# Best place to buy aquarium only (no hood, filters, lighting, etc, etc)



## sharkattack (Feb 28, 2011)

Any good website or store suggestions on where to buy just an aquarium larger than 60 gallons? I dont need the hood or any lighting, i just want the glass.

Thanks!


----------



## Gizmo (Dec 6, 2010)

Craigslist, Aquabid, or Ebay, in my opinion. The latter two you'll need to pay shipping for, and the former is kinda hit-and-miss (but nothing a little white distilled vinegar and a scrub brush can't fix, in my opinion). If you're in the Salt Lake City, Utah area, KSL.com has a great online classifieds section for aquariums as well.


----------



## M1ster Stanl3y (Dec 10, 2010)

i second craigslist...they got some goodies on there from time to time. 

such as

Aquarium (20 Gallon) Tank - $5 (Plymouth)
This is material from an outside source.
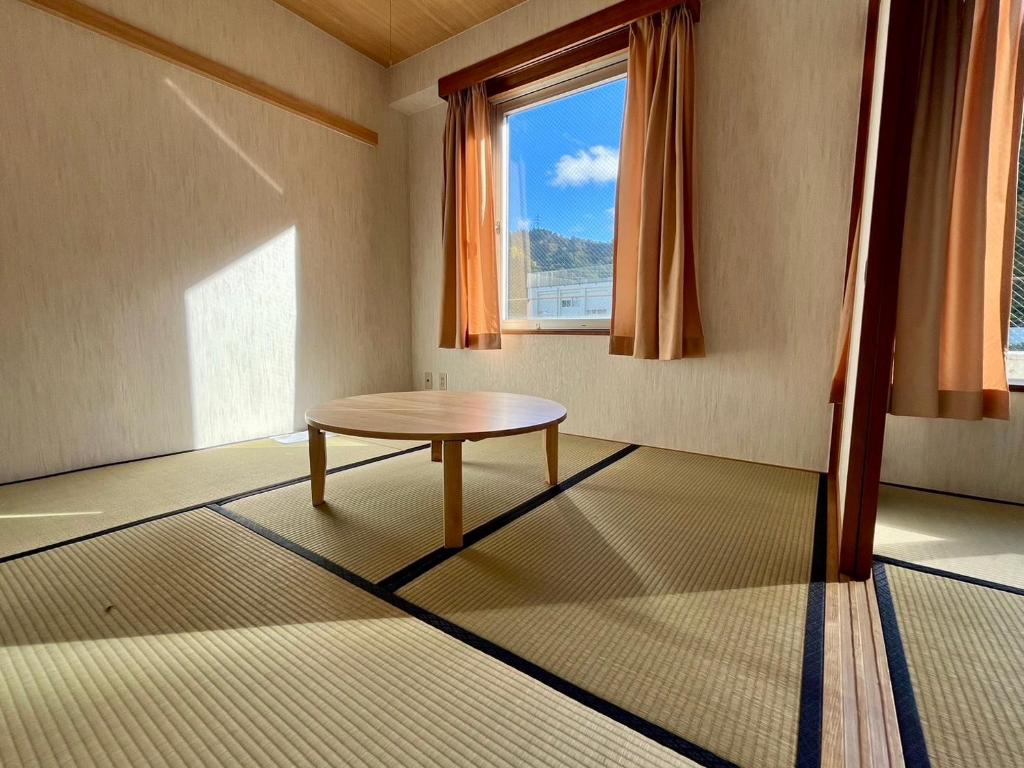 Fotografie z fotogalerie ubytování Yuzawa house2 v destinaci Juzawa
This comes with all the contents in the aquarium. Serious inquiries.


----------



## M1ster Stanl3y (Dec 10, 2010)

Depending on where you live, this is in PA.
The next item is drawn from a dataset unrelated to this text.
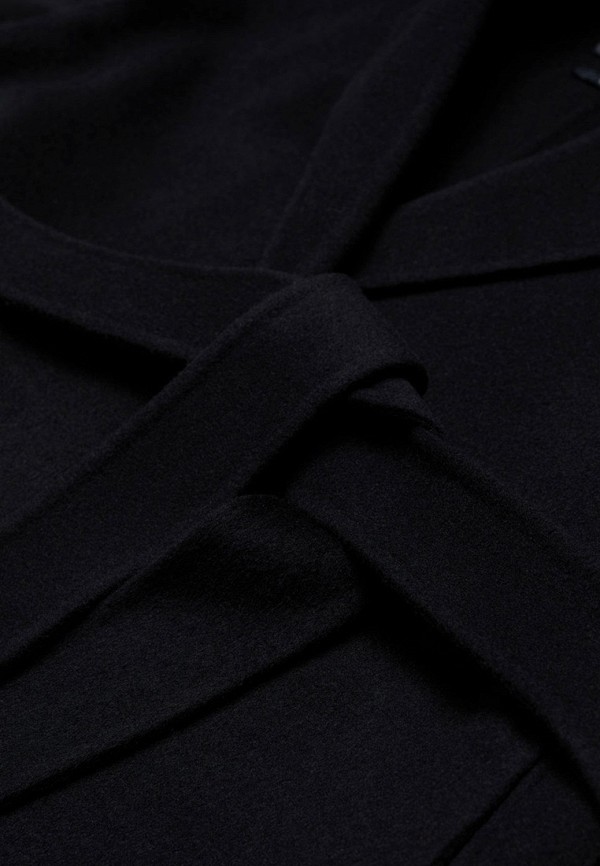 Mango Пальто - BATIN - фото 5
Brand New 60 gallon Aquarium - $85 (Upper Black Eddy)

--------------------------------------------------------------------------------
Date: 2011-02-14, 3:25PM EST
Reply to: [email protected] [Errors when replying to ads?]
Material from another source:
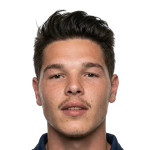 Marco Djuric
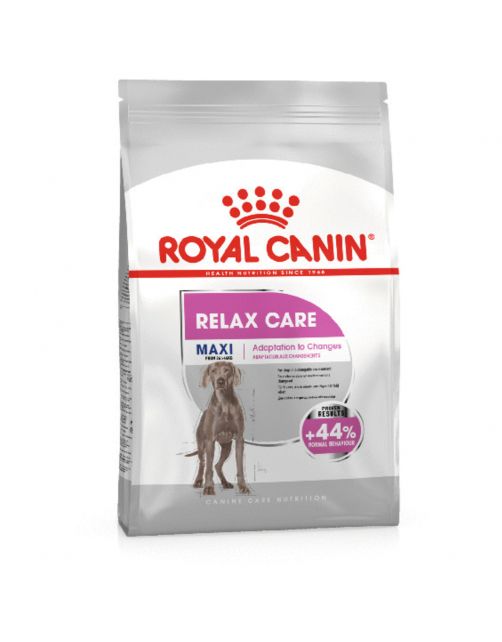 Royal Canin Relax Care Maxi - Hondenvoer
--------------------------------------------------------------------------------


rounded glass corners - no seams brand new including overhead filtration system 
NO LIGHT 
NO STAND 
brand is via aqua -


----------



## jrman83 (Jul 9, 2010)

You usually won't pay for shipping on ebay...I mean who would want to try and box and ship an aquarium? Most that I have seen are local pickup only and you can search by zip code and then tell it how far you're willing to drive.


----------